Le Parlement a donné son feu vert à une taxation de 10 % sur les gains réalisés lors de la vente d’actifs financiers. Un seuil d’exonération est prévu à hauteur de 10.000 euros, relevé à 15.000 euros en l’absence de cession sur une période de cinq ans. Un traitement spécifique concerne les entrepreneurs disposant d’au moins 20 % du capital de leur société, avec un plafond d’exonération fixé jusqu’à 1 million d’euros. Ce dispositif introduit une fiscalité structurée sur des revenus jusqu’ici peu encadrés au niveau fédéral.
Une entrée en vigueur avec des modalités adaptées
Le nouveau régime s’applique aux gains enregistrés à partir du 1er janvier 2026, avec une mise en œuvre progressive pour les intermédiaires financiers jusqu’au 1er juin. Les actifs détenus avant cette date bénéficient d’un calcul distinct, basé sur leur valorisation au 31 décembre 2025, ce qui exclut les gains accumulés antérieurement. La taxation concerne l’impôt des personnes physiques ainsi que celui des personnes morales, sans modification pour les sociétés déjà soumises à un cadre fiscal spécifique pour ce type de revenus.
Un encadrement pour limiter les stratégies d’évitement de cette taxe sur les plus-values
Le texte introduit un mécanisme destiné à éviter les départs fiscaux motivés par cette nouvelle taxe. Une exit tax est prévue pour les contribuables qui transféreraient leur résidence afin d’échapper à l’imposition des plus-values. Cette disposition vise à sécuriser les recettes attendues par l’État. Les projections avancent un rendement annuel d’environ 500 millions d’euros, sous réserve de l’évolution des comportements d’investissement et des conditions de marché, indique DHNet.
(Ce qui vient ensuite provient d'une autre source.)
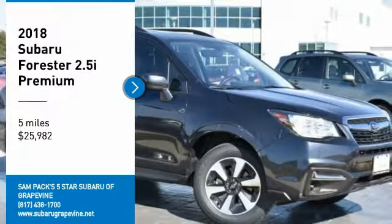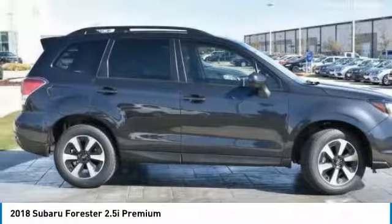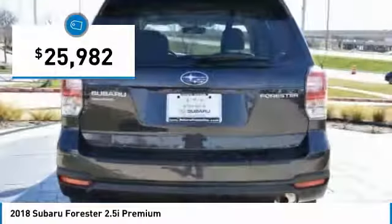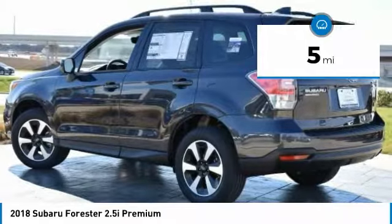Come test drive the 2018 Forester. The Subaru Forester is a sensible, practical, and affordable vehicle. It has an impressive comfortable ride and handles well, and is priced below $30,000. This vehicle has less than 100 miles.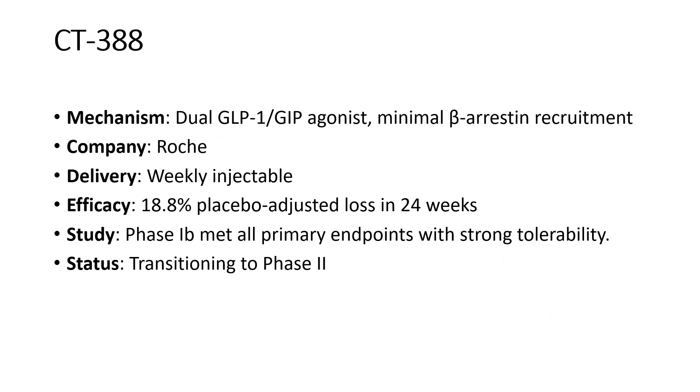CT-388 is a dual GLP-1 and GIP agonist with minimal beta-arrestin recruitment, manufactured by Roche, available as a weekly injectable. At approximately 24 weeks, 18.8% weight loss versus placebo was seen. Phase 1b met all primary endpoints with strong tolerability, and it is now transitioning into phase 3.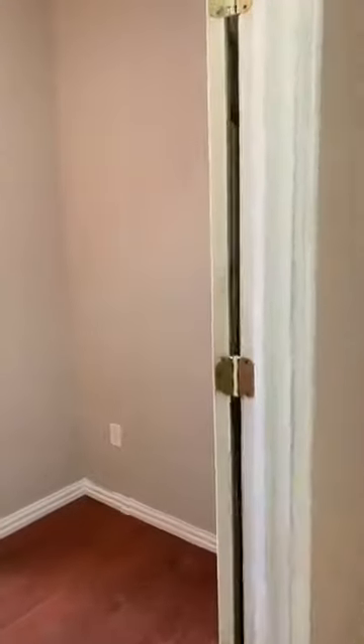And now we'll go into our third bedroom. You can make this a bedroom or use it as an office space.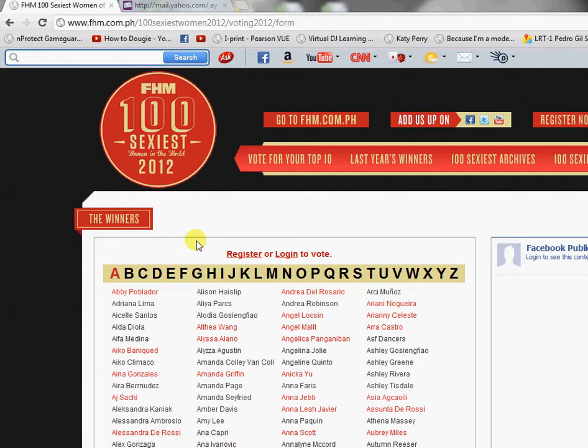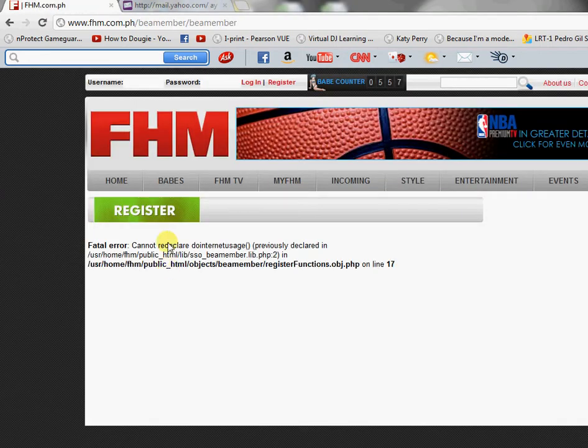First, click the link in the description box. That link will take you to this page. To vote, you need to either register or log in. If you don't have an account yet, register first. If that's the case, click Register, then click Register again.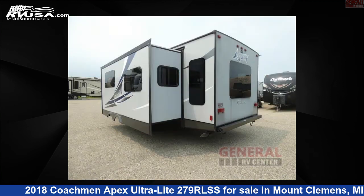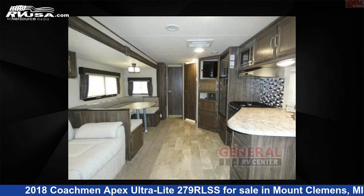This used Coachman is 31 feet 0 inches in length and features one slide-out, sleeps five, and 50 gallons fresh water capacity.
Un vote marqué par des tensions politiques
L’adoption de la mesure s’inscrit dans l’accord de la coalition Arizona, qui rassemble plusieurs formations aux orientations différentes. La taxe figurait parmi les exigences portées par Vooruit, donnant lieu à des discussions prolongées avec certains partenaires, dont le MR. Le texte a été adopté avec le soutien de la majorité ainsi que de partis d’opposition comme le PS et le PTB, tandis que d’autres formations ont exprimé leur opposition ou leur réserve. Le vote final est intervenu en pleine nuit, au terme de débats longs et marqués par de nombreux amendements rejetés.